A. Nov. 25 will offer the perfect opportunity to do business with local businesses in our area — on a day that has been dubbed Small Business Saturday. And while it’s fair to say that online shopping comes with benefits, choosing to shop locally has merits that outweigh the convenience of shopping from home.

Where you choose to spend your money is a lot like casting a vote. When you choose to shop locally, you’re not only supporting small businesses, you’re essentially voting to improve the community where you live.

When a local business provides products and services, the benefits ripple out into the community. Local businesses create jobs right where you live. And when these same businesses purchase supplies from other businesses, this create still more jobs. In turn, employees of small businesses can take their paychecks and spend them on products and services in our community, which also helps to create jobs.

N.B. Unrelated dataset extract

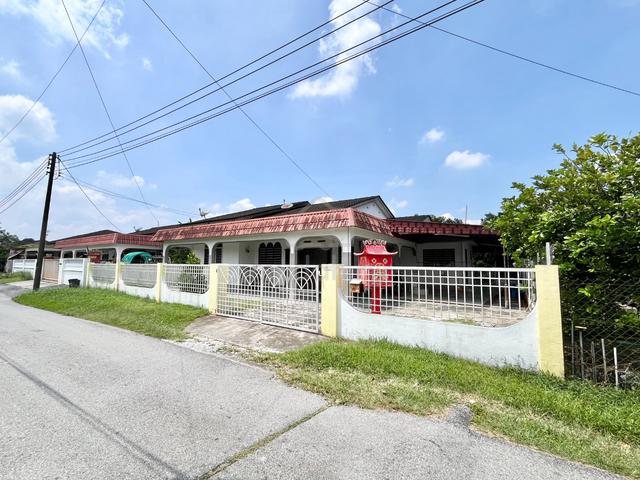 Single Storey Bungalow for Sale @ Kampung Bertuah, Bidor 1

When a business sells a product or service locally, they collect tax on them. What’s more, a business’s employees pay a variety of taxes where they live and work. These same taxes help support essential services, such as educational systems and police and fire departments. All these benefits are lost when you spend your money online.

Shopping locally has some immediate benefits, too. In many cases, small businesses offer prices at or below those available to you online. You can also avoid shipping costs when you choose to shop locally, and you won’t have to worry about your gifts arriving on time. If it turns out that you purchased a gift in the wrong color or model, exchanging the item is much easier when you are working with a local small business.

You can’t underestimate the value of personal touch, either. Nothing makes a good purchase better than excellent customer service. When you encounter a person who works for a small business who takes pride in assisting you with your purchase, it makes you feel good.

No matter what way you look at it, shopping locally is good for our community. So why not stimulate our economy this holiday season? Get out and support local businesses on Small Business Saturday, knowing that doing so is making our area a better place to live.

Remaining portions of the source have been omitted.